WHAT THE EXERCISE ASKS: Transcribe the entries below exactly, starting with the line that has "1018004652 Geely" and stopping after the line that has "3 sypialnia Willa"; no pictures belong in the copy.

DATA FOR THE TASK:
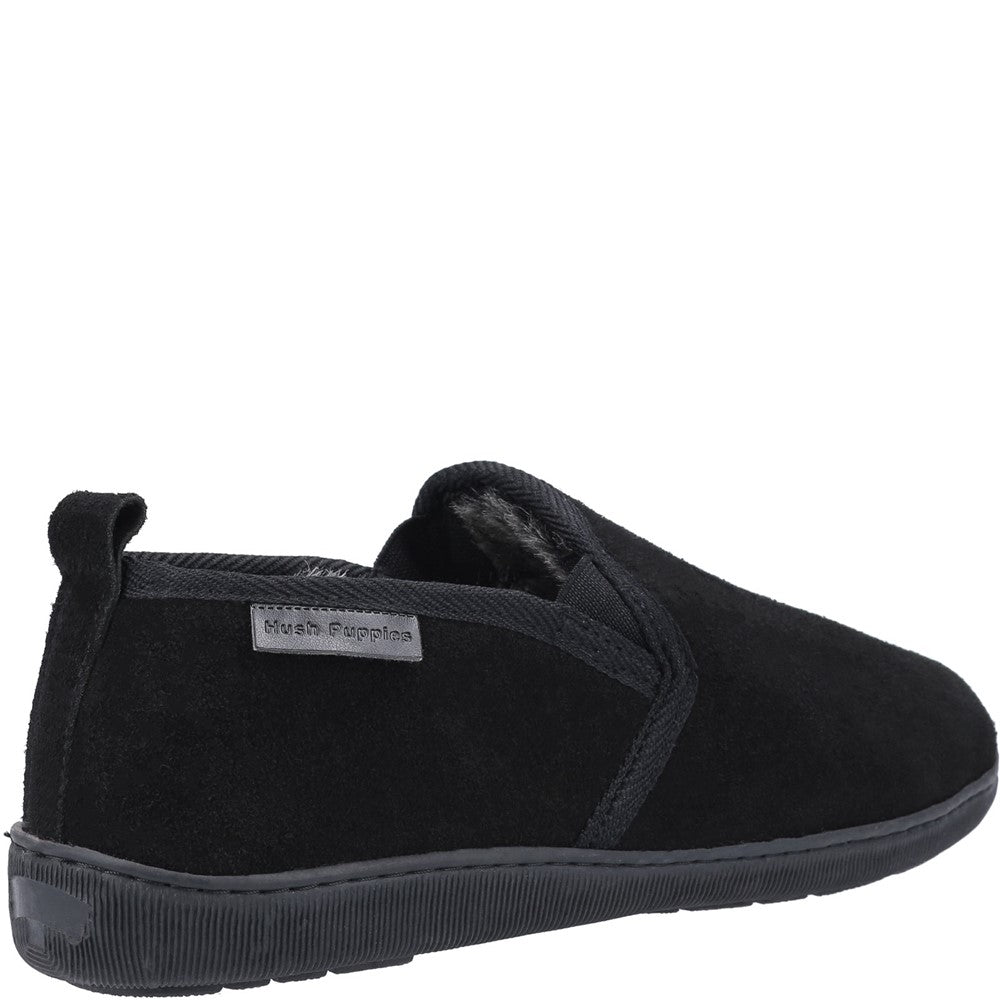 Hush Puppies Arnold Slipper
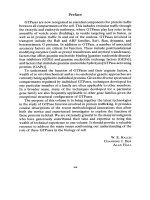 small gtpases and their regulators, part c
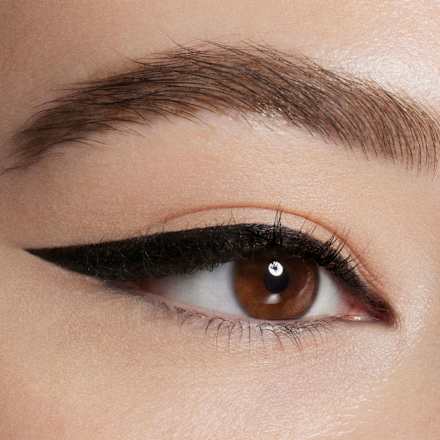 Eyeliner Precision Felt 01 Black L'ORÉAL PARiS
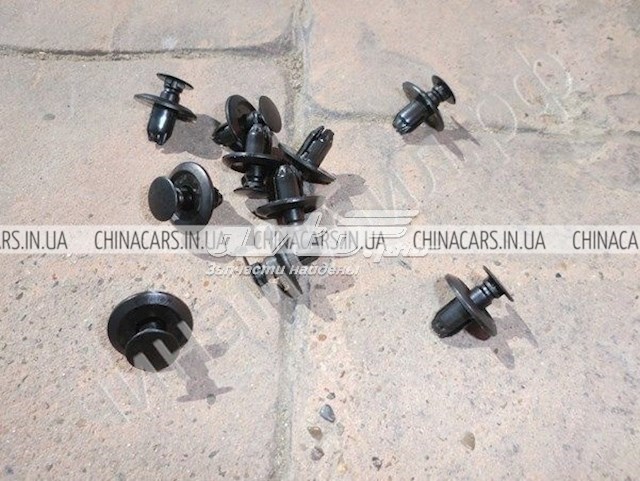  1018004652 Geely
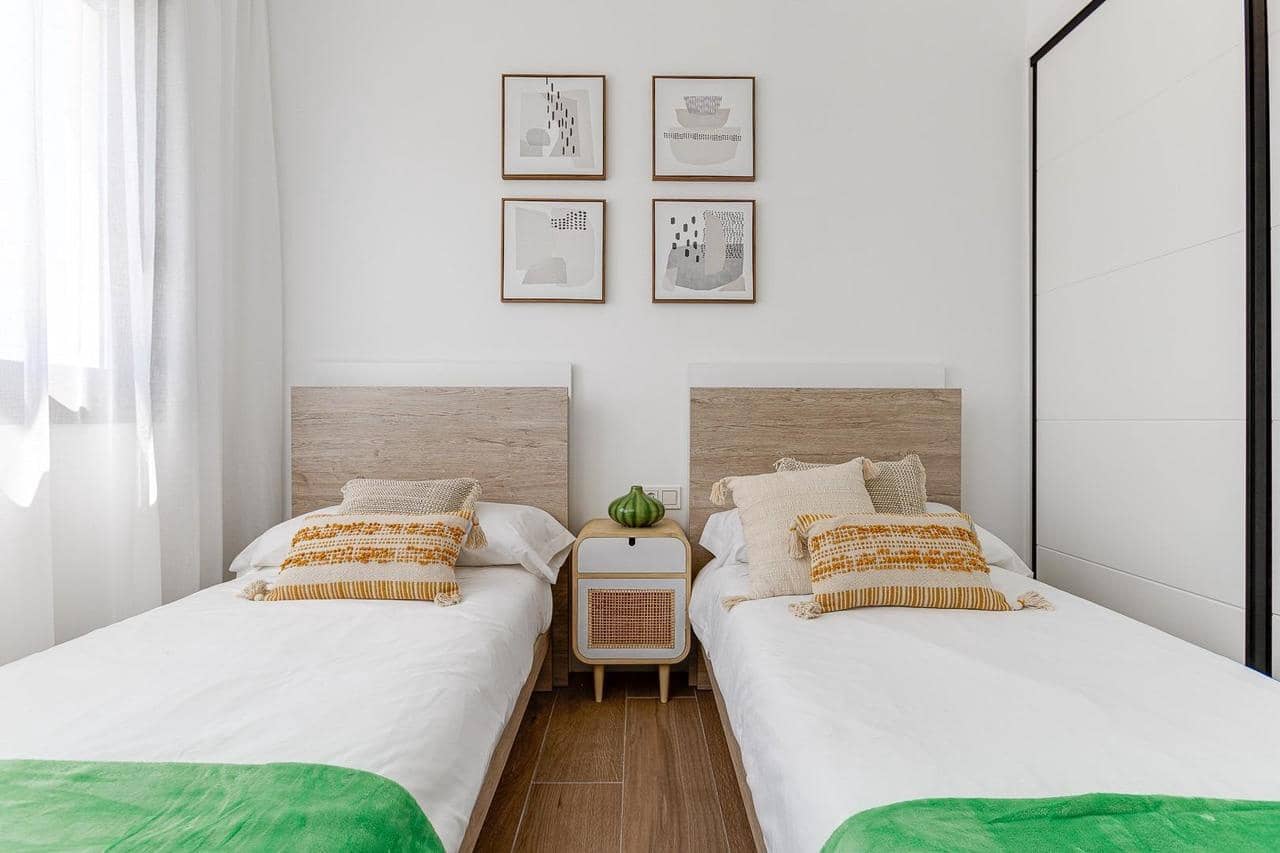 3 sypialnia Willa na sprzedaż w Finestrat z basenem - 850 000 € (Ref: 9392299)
* * *
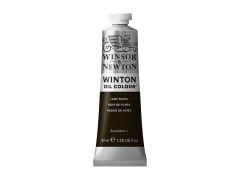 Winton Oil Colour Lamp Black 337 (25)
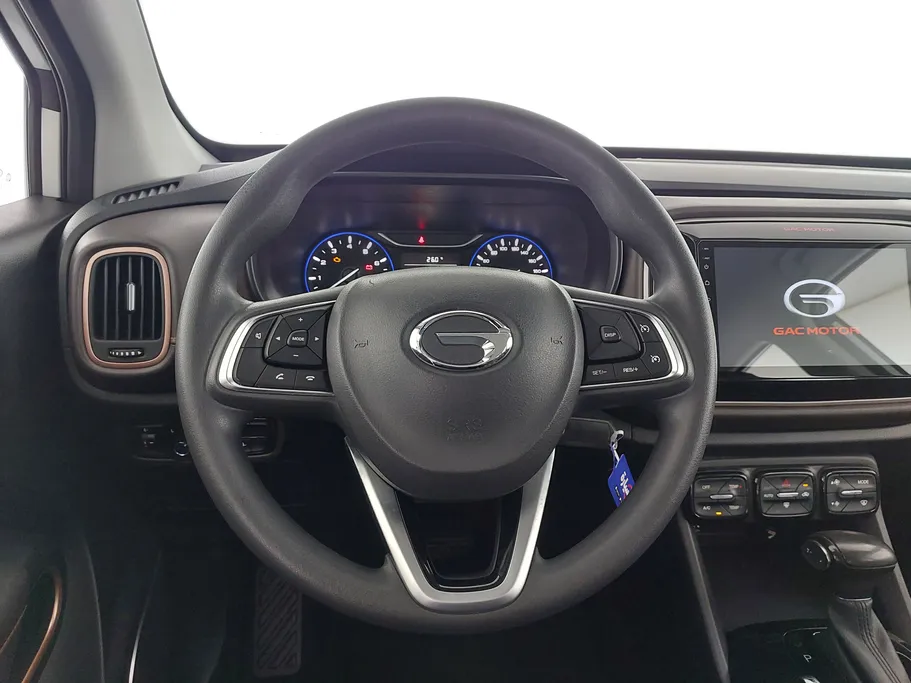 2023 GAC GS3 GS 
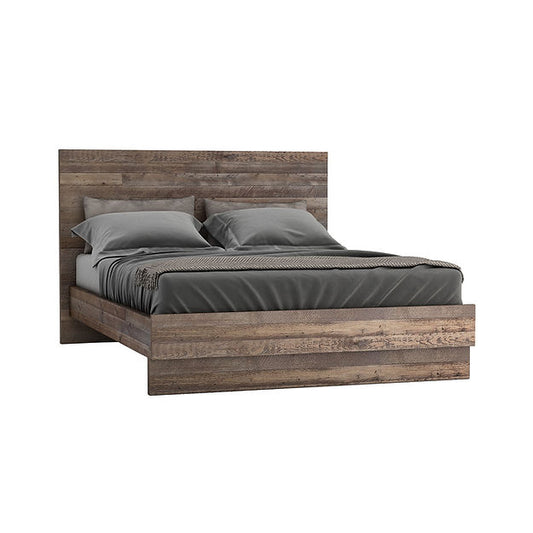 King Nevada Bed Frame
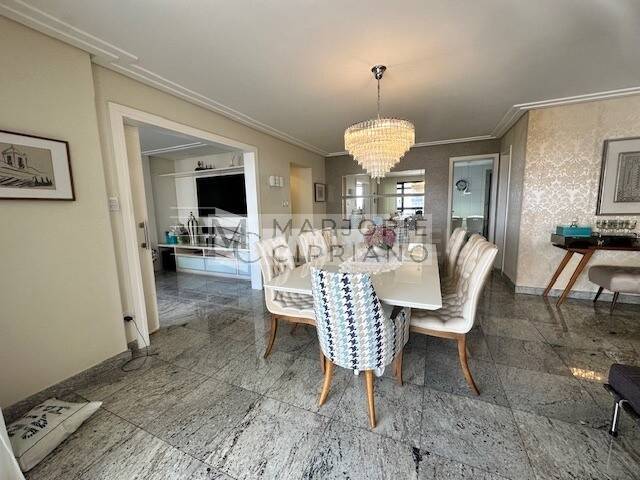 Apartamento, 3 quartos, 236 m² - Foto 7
...
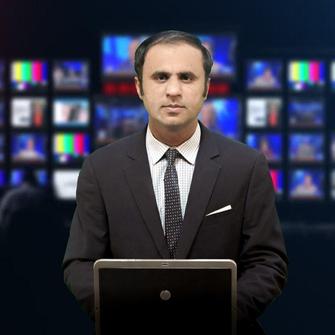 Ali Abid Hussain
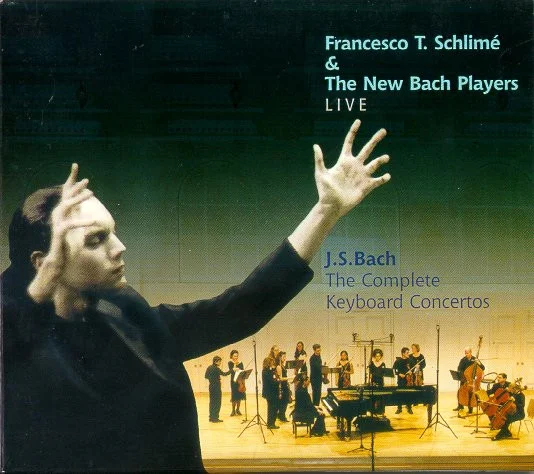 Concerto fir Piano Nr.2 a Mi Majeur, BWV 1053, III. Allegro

ANSWER TO THIS EXERCISE:
  1018004652 Geely
 3 sypialnia Willa na sprzedaż w Finestrat z basenem - 850 000 € (Ref: 9392299)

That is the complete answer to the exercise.